The flax bush and coprosma bush atop the overlook witnessed all of the action.
6.10.2003 PHO2008-223-228, 1040, 1042
At the dune, I noticed that the log/wood debris was piled hard up to the high point; that is the marram grass level. Also, that sand had blown over them but it didn’t fully bury a lot of them. From what I could tell, the marram grass area had been severely reduced. The only birds I saw were black backed. No variable oystercatchers. Saw plenty of tracks. Stoat? Cat? Rabbits? When I changed my film, I noticed rabbit droppings, so the footprints close by belonged to them.
The huge tree trunk root section was still there, having been dislodged a week ago from its hidey-hole in a cave. The flax that I assumed somebody had planted in the wood debris was still there. I photographed the dune area in a series of images to be stitched together for future reference.
On the way back along the beach I came across a snail (Helix pomatia), that had slithered about ten feet out onto the beach. An incredible distance for a snail. It may have come in on some plant debris. It had currently stopped moving as its front door was covered with sand.
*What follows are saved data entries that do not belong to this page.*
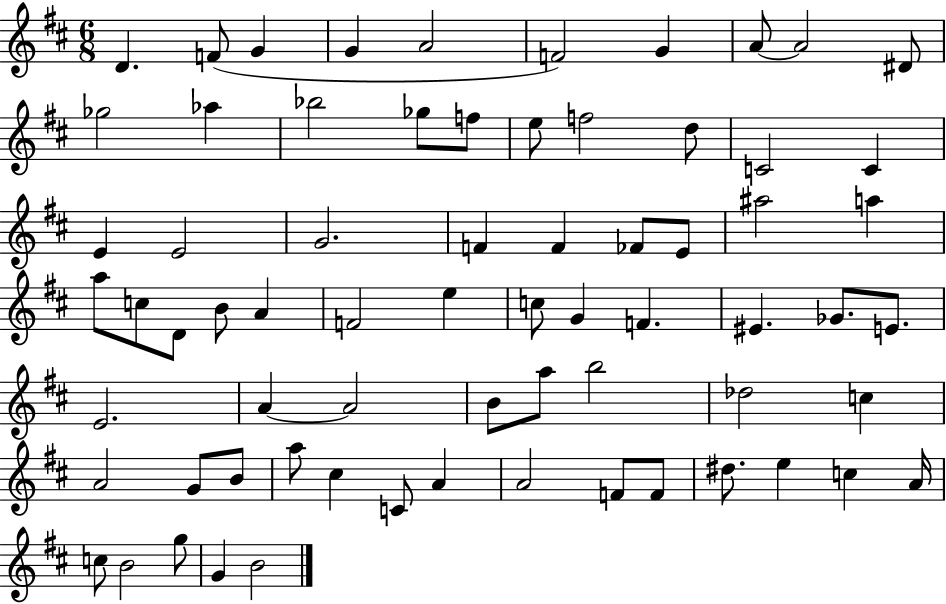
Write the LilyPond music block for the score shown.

{
  \clef treble
  \numericTimeSignature
  \time 6/8
  \key d \major
  d'4. f'8( g'4 | g'4 a'2 | f'2) g'4 | a'8~~ a'2 dis'8 | \break ges''2 aes''4 | bes''2 ges''8 f''8 | e''8 f''2 d''8 | c'2 c'4 | \break e'4 e'2 | g'2. | f'4 f'4 fes'8 e'8 | ais''2 a''4 | \break a''8 c''8 d'8 b'8 a'4 | f'2 e''4 | c''8 g'4 f'4. | eis'4. ges'8. e'8. | \break e'2. | a'4~~ a'2 | b'8 a''8 b''2 | des''2 c''4 | \break a'2 g'8 b'8 | a''8 cis''4 c'8 a'4 | a'2 f'8 f'8 | dis''8. e''4 c''4 a'16 | \break c''8 b'2 g''8 | g'4 b'2 | \bar "|."
}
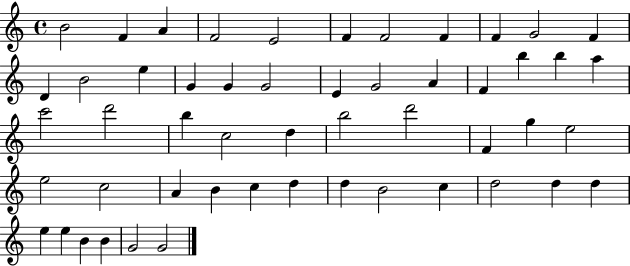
X:1
T:Untitled
M:4/4
L:1/4
K:C
B2 F A F2 E2 F F2 F F G2 F D B2 e G G G2 E G2 A F b b a c'2 d'2 b c2 d b2 d'2 F g e2 e2 c2 A B c d d B2 c d2 d d e e B B G2 G2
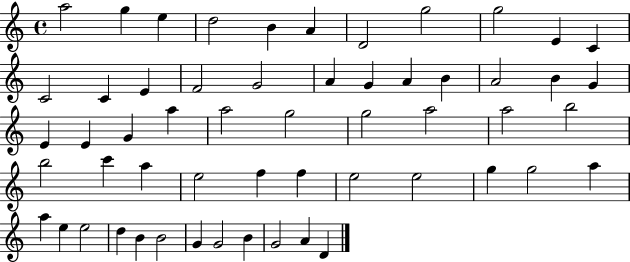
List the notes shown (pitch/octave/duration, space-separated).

A5/h G5/q E5/q D5/h B4/q A4/q D4/h G5/h G5/h E4/q C4/q C4/h C4/q E4/q F4/h G4/h A4/q G4/q A4/q B4/q A4/h B4/q G4/q E4/q E4/q G4/q A5/q A5/h G5/h G5/h A5/h A5/h B5/h B5/h C6/q A5/q E5/h F5/q F5/q E5/h E5/h G5/q G5/h A5/q A5/q E5/q E5/h D5/q B4/q B4/h G4/q G4/h B4/q G4/h A4/q D4/q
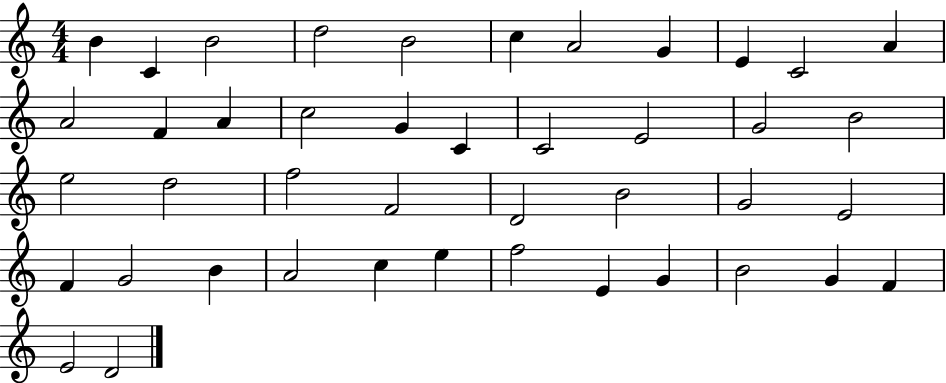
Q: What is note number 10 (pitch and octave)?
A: C4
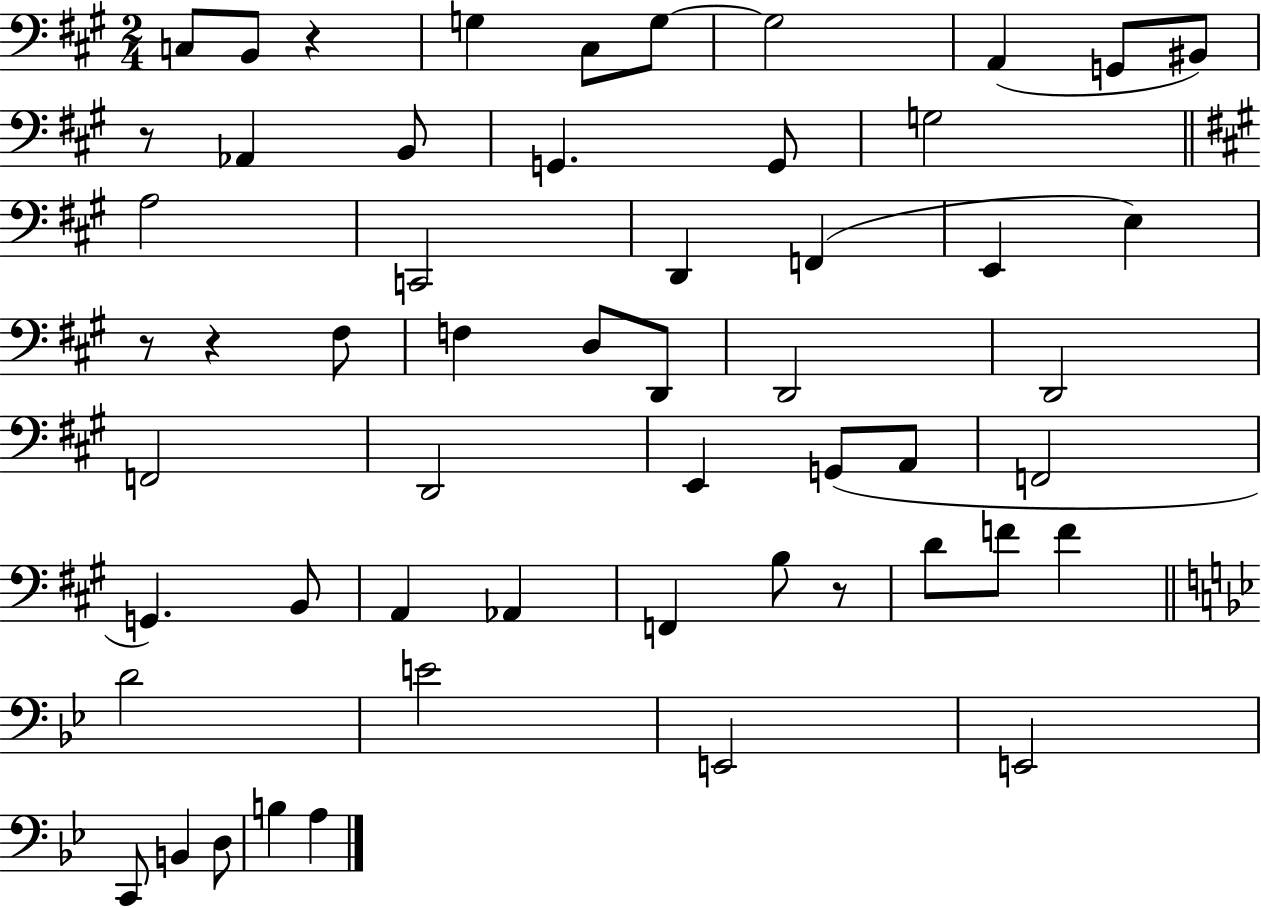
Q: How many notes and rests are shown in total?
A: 55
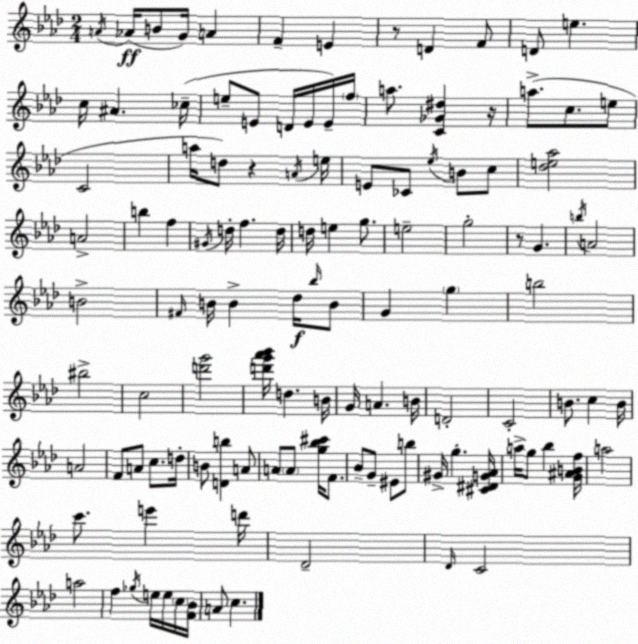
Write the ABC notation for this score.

X:1
T:Untitled
M:2/4
L:1/4
K:Ab
A/4 _A/4 B/2 G/4 A F E z/2 D F/2 D/2 e c/4 ^A _c/4 e/2 E/2 D/4 E/4 E/4 f/4 a/2 [C_G^d] z/4 a/2 c/2 e/2 C2 a/4 d/2 z A/4 e/4 E/2 _C/2 _e/4 B/2 c/2 [_de_a]2 A2 b f ^G/4 d/4 f d/4 d/4 e g/2 e2 g2 z/2 G b/4 A2 B2 ^F/4 B/4 B _d/4 _b/4 B/2 G g b2 ^b2 c2 [d'g']2 [d'g'_a'_b']/4 d B/4 G/4 A B/4 D2 C2 B/2 c B/4 A2 F/2 A/2 c/2 d/4 B/2 [Db] A/2 A/2 A/2 [g_b^c']/4 F/2 _B/2 G/2 ^E/2 b/2 ^G/4 g [^C^DG_A]/4 a/4 g/2 _b [G^ABf]/4 a2 c'/2 e' d'/4 _D2 _D/4 C2 a2 f _g/4 e/4 e/4 c/4 [F_B]/4 A/2 c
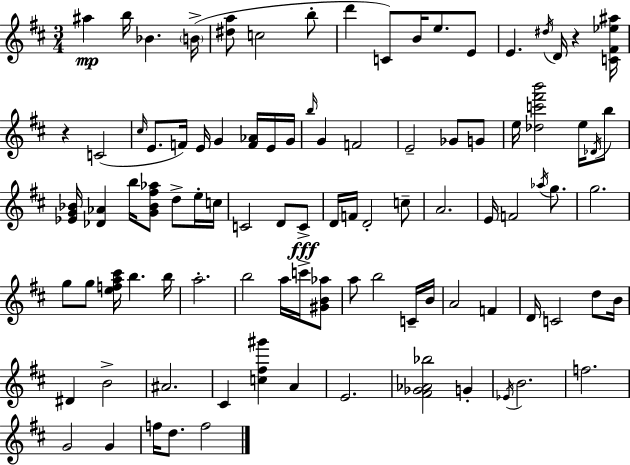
X:1
T:Untitled
M:3/4
L:1/4
K:D
^a b/4 _B B/4 [^da]/2 c2 b/2 d' C/2 B/4 e/2 E/2 E ^d/4 D/4 z [C^F_e^a]/4 z C2 ^c/4 E/2 F/4 E/4 G [F_A]/4 E/4 G/4 b/4 G F2 E2 _G/2 G/2 e/4 [_dc'^f'b']2 e/4 _D/4 b/2 [_EG_B]/4 [_D_A] b/4 [G_B^f_a]/2 d/2 e/4 c/4 C2 D/2 C/2 D/4 F/4 D2 c/2 A2 E/4 F2 _a/4 g/2 g2 g/2 g/2 [efa^c']/4 b b/4 a2 b2 a/4 c'/4 [^GB_a]/2 a/2 b2 C/4 B/4 A2 F D/4 C2 d/2 B/4 ^D B2 ^A2 ^C [c^f^g'] A E2 [^F_G_A_b]2 G _E/4 B2 f2 G2 G f/4 d/2 f2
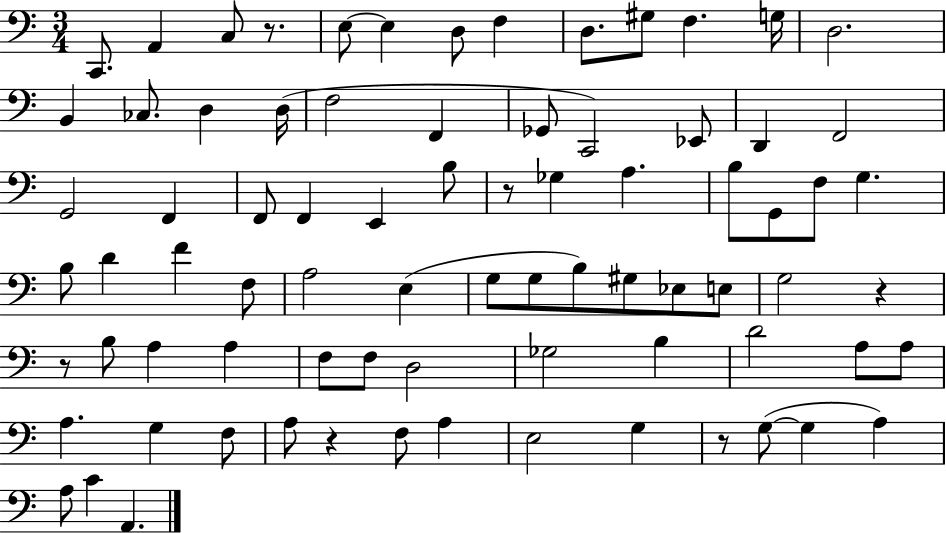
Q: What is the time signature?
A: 3/4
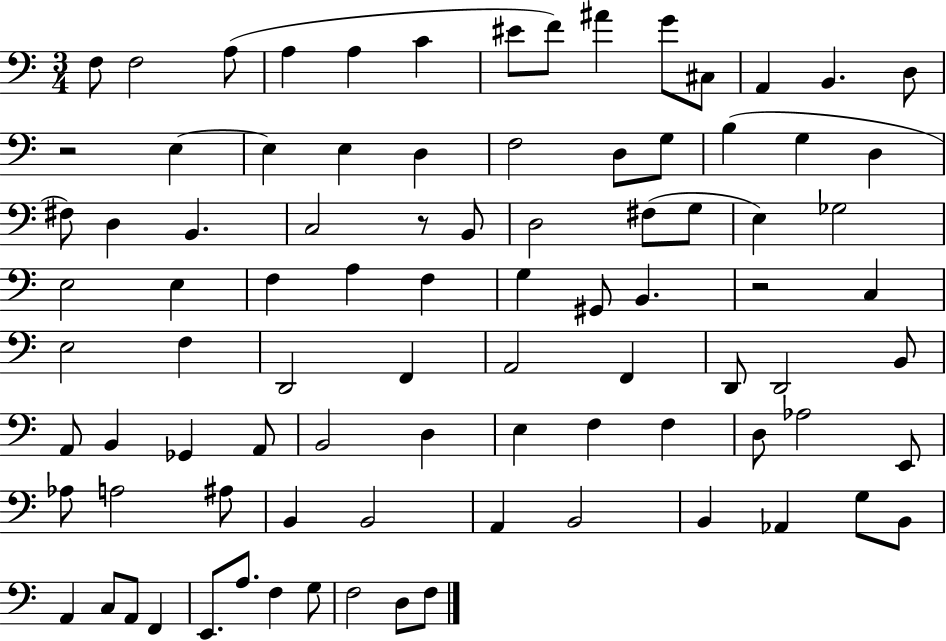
F3/e F3/h A3/e A3/q A3/q C4/q EIS4/e F4/e A#4/q G4/e C#3/e A2/q B2/q. D3/e R/h E3/q E3/q E3/q D3/q F3/h D3/e G3/e B3/q G3/q D3/q F#3/e D3/q B2/q. C3/h R/e B2/e D3/h F#3/e G3/e E3/q Gb3/h E3/h E3/q F3/q A3/q F3/q G3/q G#2/e B2/q. R/h C3/q E3/h F3/q D2/h F2/q A2/h F2/q D2/e D2/h B2/e A2/e B2/q Gb2/q A2/e B2/h D3/q E3/q F3/q F3/q D3/e Ab3/h E2/e Ab3/e A3/h A#3/e B2/q B2/h A2/q B2/h B2/q Ab2/q G3/e B2/e A2/q C3/e A2/e F2/q E2/e. A3/e. F3/q G3/e F3/h D3/e F3/e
I took it back up the cliff and put it on some hospitable vegetation. I thought it had earned a lucky break.
23.10.2003 PHO2008-1076, 1079
These two images show the vegetation above the Pilot Point cave system in both afternoon and evening light.
Lots of coffee coloured foam (algae?) frothed around the Family of Rocks.
20.12.2003 PHO2008-1161, 1163
This photo shows a semi-permanent population of driftwood that resides in front of the Tongaporutu baches. They are located on the southern side of the Tongaporutu River. PHO2008-1161 gives a broader view.
5.1.2004 PHO2008-496, 1193
The Pilot Point Overlook and beyond were shrouded in early morning mist. PHO2008-1193 shows our resident wind battered coprosma, while PHO2008-496 shows flax plants that occupied a slightly more sheltered position.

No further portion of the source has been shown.